### Problem to work on
Could you print each of the records below exactly?

### Listed entries
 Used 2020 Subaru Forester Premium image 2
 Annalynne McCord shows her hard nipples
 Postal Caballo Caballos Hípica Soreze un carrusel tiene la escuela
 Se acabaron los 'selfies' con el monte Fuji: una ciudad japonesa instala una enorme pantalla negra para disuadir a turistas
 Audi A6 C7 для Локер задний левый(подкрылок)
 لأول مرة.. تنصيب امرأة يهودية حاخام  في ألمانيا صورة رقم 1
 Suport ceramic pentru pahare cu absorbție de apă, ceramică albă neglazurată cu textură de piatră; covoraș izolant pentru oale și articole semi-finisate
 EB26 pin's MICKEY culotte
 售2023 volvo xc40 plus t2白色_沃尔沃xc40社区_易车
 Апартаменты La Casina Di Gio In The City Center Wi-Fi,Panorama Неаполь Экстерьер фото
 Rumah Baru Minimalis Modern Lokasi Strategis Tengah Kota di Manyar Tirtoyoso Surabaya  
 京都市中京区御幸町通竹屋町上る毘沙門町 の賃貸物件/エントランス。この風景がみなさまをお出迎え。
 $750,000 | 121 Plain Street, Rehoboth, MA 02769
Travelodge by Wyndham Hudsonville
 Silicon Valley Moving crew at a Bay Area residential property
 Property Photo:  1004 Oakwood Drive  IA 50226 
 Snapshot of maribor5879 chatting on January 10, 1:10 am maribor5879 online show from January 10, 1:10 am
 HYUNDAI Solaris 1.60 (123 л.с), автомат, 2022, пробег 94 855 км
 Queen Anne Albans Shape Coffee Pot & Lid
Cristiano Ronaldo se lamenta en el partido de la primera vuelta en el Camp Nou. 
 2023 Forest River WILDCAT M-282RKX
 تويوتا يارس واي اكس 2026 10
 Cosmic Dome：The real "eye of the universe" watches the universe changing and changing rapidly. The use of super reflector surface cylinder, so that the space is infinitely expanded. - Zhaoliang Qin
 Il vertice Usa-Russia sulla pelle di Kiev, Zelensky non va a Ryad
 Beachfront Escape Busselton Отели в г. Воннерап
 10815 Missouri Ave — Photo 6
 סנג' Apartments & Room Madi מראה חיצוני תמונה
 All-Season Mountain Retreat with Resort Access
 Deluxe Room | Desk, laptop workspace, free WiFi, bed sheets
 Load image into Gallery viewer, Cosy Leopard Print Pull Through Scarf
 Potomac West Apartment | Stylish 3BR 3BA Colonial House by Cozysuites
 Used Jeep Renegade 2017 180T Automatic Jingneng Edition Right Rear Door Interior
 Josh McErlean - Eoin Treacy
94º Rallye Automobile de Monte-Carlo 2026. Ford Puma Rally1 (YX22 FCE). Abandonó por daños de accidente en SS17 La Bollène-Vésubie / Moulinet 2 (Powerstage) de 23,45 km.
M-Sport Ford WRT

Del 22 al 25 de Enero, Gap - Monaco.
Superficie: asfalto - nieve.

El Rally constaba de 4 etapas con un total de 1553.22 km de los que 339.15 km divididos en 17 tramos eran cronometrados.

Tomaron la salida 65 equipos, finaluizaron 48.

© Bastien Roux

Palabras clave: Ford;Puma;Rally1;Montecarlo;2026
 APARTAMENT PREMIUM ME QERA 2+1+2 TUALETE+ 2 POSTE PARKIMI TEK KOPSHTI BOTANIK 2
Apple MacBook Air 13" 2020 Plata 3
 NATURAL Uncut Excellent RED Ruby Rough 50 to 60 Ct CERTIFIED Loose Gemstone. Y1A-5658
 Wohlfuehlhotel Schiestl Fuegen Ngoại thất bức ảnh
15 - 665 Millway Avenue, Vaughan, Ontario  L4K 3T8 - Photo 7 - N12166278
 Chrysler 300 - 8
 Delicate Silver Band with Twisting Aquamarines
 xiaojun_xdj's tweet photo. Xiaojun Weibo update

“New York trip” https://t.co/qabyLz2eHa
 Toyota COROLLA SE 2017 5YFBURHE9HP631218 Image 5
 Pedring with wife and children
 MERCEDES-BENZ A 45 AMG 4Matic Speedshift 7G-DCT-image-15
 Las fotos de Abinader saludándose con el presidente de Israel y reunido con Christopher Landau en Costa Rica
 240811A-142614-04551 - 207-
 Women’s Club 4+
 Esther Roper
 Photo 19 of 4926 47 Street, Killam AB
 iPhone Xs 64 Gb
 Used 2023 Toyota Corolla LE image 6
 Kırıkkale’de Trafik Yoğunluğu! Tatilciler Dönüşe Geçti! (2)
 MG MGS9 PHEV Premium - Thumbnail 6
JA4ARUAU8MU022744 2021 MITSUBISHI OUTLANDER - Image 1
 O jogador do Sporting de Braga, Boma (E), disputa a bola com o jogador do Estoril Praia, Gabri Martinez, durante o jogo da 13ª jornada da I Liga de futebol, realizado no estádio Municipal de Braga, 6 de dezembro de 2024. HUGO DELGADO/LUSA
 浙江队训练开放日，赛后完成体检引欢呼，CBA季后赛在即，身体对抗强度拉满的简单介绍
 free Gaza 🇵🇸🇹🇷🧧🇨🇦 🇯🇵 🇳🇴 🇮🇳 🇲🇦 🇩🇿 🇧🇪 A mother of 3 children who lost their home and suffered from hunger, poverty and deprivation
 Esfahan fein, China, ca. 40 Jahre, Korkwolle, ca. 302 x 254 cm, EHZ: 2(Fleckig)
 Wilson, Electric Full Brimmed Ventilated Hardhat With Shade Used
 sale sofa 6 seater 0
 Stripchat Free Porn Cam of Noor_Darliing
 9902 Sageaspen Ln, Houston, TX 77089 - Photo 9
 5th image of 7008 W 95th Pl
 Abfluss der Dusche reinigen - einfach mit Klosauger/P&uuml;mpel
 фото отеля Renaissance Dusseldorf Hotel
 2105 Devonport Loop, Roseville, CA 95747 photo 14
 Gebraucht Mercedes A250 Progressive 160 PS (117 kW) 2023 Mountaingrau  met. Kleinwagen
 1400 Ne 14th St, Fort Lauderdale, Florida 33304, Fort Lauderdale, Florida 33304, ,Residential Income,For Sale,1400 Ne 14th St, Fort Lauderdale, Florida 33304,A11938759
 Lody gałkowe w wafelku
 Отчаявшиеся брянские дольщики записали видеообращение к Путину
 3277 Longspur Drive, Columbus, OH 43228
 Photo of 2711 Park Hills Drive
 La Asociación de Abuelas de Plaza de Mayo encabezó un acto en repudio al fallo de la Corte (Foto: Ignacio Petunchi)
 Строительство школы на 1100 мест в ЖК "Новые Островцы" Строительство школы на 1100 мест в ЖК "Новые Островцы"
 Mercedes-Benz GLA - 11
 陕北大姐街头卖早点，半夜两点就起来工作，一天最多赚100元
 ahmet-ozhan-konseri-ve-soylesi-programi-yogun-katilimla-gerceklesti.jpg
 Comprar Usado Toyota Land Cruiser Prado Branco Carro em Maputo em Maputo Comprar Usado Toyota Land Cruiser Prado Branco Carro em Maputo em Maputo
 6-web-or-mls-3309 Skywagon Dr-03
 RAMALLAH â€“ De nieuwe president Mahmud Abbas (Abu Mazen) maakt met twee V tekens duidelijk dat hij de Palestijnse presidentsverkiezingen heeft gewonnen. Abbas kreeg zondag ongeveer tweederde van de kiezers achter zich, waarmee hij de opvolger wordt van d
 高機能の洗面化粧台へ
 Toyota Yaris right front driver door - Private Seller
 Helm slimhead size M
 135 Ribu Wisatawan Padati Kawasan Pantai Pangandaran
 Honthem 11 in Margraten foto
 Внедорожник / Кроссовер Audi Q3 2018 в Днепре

### Response
 Used 2020 Subaru Forester Premium image 2
 Annalynne McCord shows her hard nipples
 Postal Caballo Caballos Hípica Soreze un carrusel tiene la escuela
 Se acabaron los 'selfies' con el monte Fuji: una ciudad japonesa instala una enorme pantalla negra para disuadir a turistas
 Audi A6 C7 для Локер задний левый(подкрылок)
 لأول مرة.. تنصيب امرأة يهودية حاخام  في ألمانيا صورة رقم 1
 Suport ceramic pentru pahare cu absorbție de apă, ceramică albă neglazurată cu textură de piatră; covoraș izolant pentru oale și articole semi-finisate
 EB26 pin's MICKEY culotte
 售2023 volvo xc40 plus t2白色_沃尔沃xc40社区_易车
 Апартаменты La Casina Di Gio In The City Center Wi-Fi,Panorama Неаполь Экстерьер фото
 Rumah Baru Minimalis Modern Lokasi Strategis Tengah Kota di Manyar Tirtoyoso Surabaya  
 京都市中京区御幸町通竹屋町上る毘沙門町 の賃貸物件/エントランス。この風景がみなさまをお出迎え。
 $750,000 | 121 Plain Street, Rehoboth, MA 02769
Travelodge by Wyndham Hudsonville
 Silicon Valley Moving crew at a Bay Area residential property
 Property Photo:  1004 Oakwood Drive  IA 50226 
 Snapshot of maribor5879 chatting on January 10, 1:10 am maribor5879 online show from January 10, 1:10 am
 HYUNDAI Solaris 1.60 (123 л.с), автомат, 2022, пробег 94 855 км
 Queen Anne Albans Shape Coffee Pot & Lid
Cristiano Ronaldo se lamenta en el partido de la primera vuelta en el Camp Nou. 
 2023 Forest River WILDCAT M-282RKX
 تويوتا يارس واي اكس 2026 10
 Cosmic Dome：The real "eye of the universe" watches the universe changing and changing rapidly. The use of super reflector surface cylinder, so that the space is infinitely expanded. - Zhaoliang Qin
 Il vertice Usa-Russia sulla pelle di Kiev, Zelensky non va a Ryad
 Beachfront Escape Busselton Отели в г. Воннерап
 10815 Missouri Ave — Photo 6
 סנג' Apartments & Room Madi מראה חיצוני תמונה
 All-Season Mountain Retreat with Resort Access
 Deluxe Room | Desk, laptop workspace, free WiFi, bed sheets
 Load image into Gallery viewer, Cosy Leopard Print Pull Through Scarf
 Potomac West Apartment | Stylish 3BR 3BA Colonial House by Cozysuites
 Used Jeep Renegade 2017 180T Automatic Jingneng Edition Right Rear Door Interior
 Josh McErlean - Eoin Treacy
94º Rallye Automobile de Monte-Carlo 2026. Ford Puma Rally1 (YX22 FCE). Abandonó por daños de accidente en SS17 La Bollène-Vésubie / Moulinet 2 (Powerstage) de 23,45 km.
M-Sport Ford WRT

Del 22 al 25 de Enero, Gap - Monaco.
Superficie: asfalto - nieve.

El Rally constaba de 4 etapas con un total de 1553.22 km de los que 339.15 km divididos en 17 tramos eran cronometrados.

Tomaron la salida 65 equipos, finaluizaron 48.

© Bastien Roux

Palabras clave: Ford;Puma;Rally1;Montecarlo;2026
 APARTAMENT PREMIUM ME QERA 2+1+2 TUALETE+ 2 POSTE PARKIMI TEK KOPSHTI BOTANIK 2
Apple MacBook Air 13" 2020 Plata 3
 NATURAL Uncut Excellent RED Ruby Rough 50 to 60 Ct CERTIFIED Loose Gemstone. Y1A-5658
 Wohlfuehlhotel Schiestl Fuegen Ngoại thất bức ảnh
15 - 665 Millway Avenue, Vaughan, Ontario  L4K 3T8 - Photo 7 - N12166278
 Chrysler 300 - 8
 Delicate Silver Band with Twisting Aquamarines
 xiaojun_xdj's tweet photo. Xiaojun Weibo update

“New York trip” https://t.co/qabyLz2eHa
 Toyota COROLLA SE 2017 5YFBURHE9HP631218 Image 5
 Pedring with wife and children
 MERCEDES-BENZ A 45 AMG 4Matic Speedshift 7G-DCT-image-15
 Las fotos de Abinader saludándose con el presidente de Israel y reunido con Christopher Landau en Costa Rica
 240811A-142614-04551 - 207-
 Women’s Club 4+
 Esther Roper
 Photo 19 of 4926 47 Street, Killam AB
 iPhone Xs 64 Gb
 Used 2023 Toyota Corolla LE image 6
 Kırıkkale’de Trafik Yoğunluğu! Tatilciler Dönüşe Geçti! (2)
 MG MGS9 PHEV Premium - Thumbnail 6
JA4ARUAU8MU022744 2021 MITSUBISHI OUTLANDER - Image 1
 O jogador do Sporting de Braga, Boma (E), disputa a bola com o jogador do Estoril Praia, Gabri Martinez, durante o jogo da 13ª jornada da I Liga de futebol, realizado no estádio Municipal de Braga, 6 de dezembro de 2024. HUGO DELGADO/LUSA
 浙江队训练开放日，赛后完成体检引欢呼，CBA季后赛在即，身体对抗强度拉满的简单介绍
 free Gaza 🇵🇸🇹🇷🧧🇨🇦 🇯🇵 🇳🇴 🇮🇳 🇲🇦 🇩🇿 🇧🇪 A mother of 3 children who lost their home and suffered from hunger, poverty and deprivation
 Esfahan fein, China, ca. 40 Jahre, Korkwolle, ca. 302 x 254 cm, EHZ: 2(Fleckig)
 Wilson, Electric Full Brimmed Ventilated Hardhat With Shade Used
 sale sofa 6 seater 0
 Stripchat Free Porn Cam of Noor_Darliing
 9902 Sageaspen Ln, Houston, TX 77089 - Photo 9
 5th image of 7008 W 95th Pl
 Abfluss der Dusche reinigen - einfach mit Klosauger/P&uuml;mpel
 фото отеля Renaissance Dusseldorf Hotel
 2105 Devonport Loop, Roseville, CA 95747 photo 14
 Gebraucht Mercedes A250 Progressive 160 PS (117 kW) 2023 Mountaingrau  met. Kleinwagen
 1400 Ne 14th St, Fort Lauderdale, Florida 33304, Fort Lauderdale, Florida 33304, ,Residential Income,For Sale,1400 Ne 14th St, Fort Lauderdale, Florida 33304,A11938759
 Lody gałkowe w wafelku
 Отчаявшиеся брянские дольщики записали видеообращение к Путину
 3277 Longspur Drive, Columbus, OH 43228
 Photo of 2711 Park Hills Drive
 La Asociación de Abuelas de Plaza de Mayo encabezó un acto en repudio al fallo de la Corte (Foto: Ignacio Petunchi)
 Строительство школы на 1100 мест в ЖК "Новые Островцы" Строительство школы на 1100 мест в ЖК "Новые Островцы"
 Mercedes-Benz GLA - 11
 陕北大姐街头卖早点，半夜两点就起来工作，一天最多赚100元
 ahmet-ozhan-konseri-ve-soylesi-programi-yogun-katilimla-gerceklesti.jpg
 Comprar Usado Toyota Land Cruiser Prado Branco Carro em Maputo em Maputo Comprar Usado Toyota Land Cruiser Prado Branco Carro em Maputo em Maputo
 6-web-or-mls-3309 Skywagon Dr-03
 RAMALLAH â€“ De nieuwe president Mahmud Abbas (Abu Mazen) maakt met twee V tekens duidelijk dat hij de Palestijnse presidentsverkiezingen heeft gewonnen. Abbas kreeg zondag ongeveer tweederde van de kiezers achter zich, waarmee hij de opvolger wordt van d
 高機能の洗面化粧台へ
 Toyota Yaris right front driver door - Private Seller
 Helm slimhead size M
 135 Ribu Wisatawan Padati Kawasan Pantai Pangandaran
 Honthem 11 in Margraten foto
 Внедорожник / Кроссовер Audi Q3 2018 в Днепре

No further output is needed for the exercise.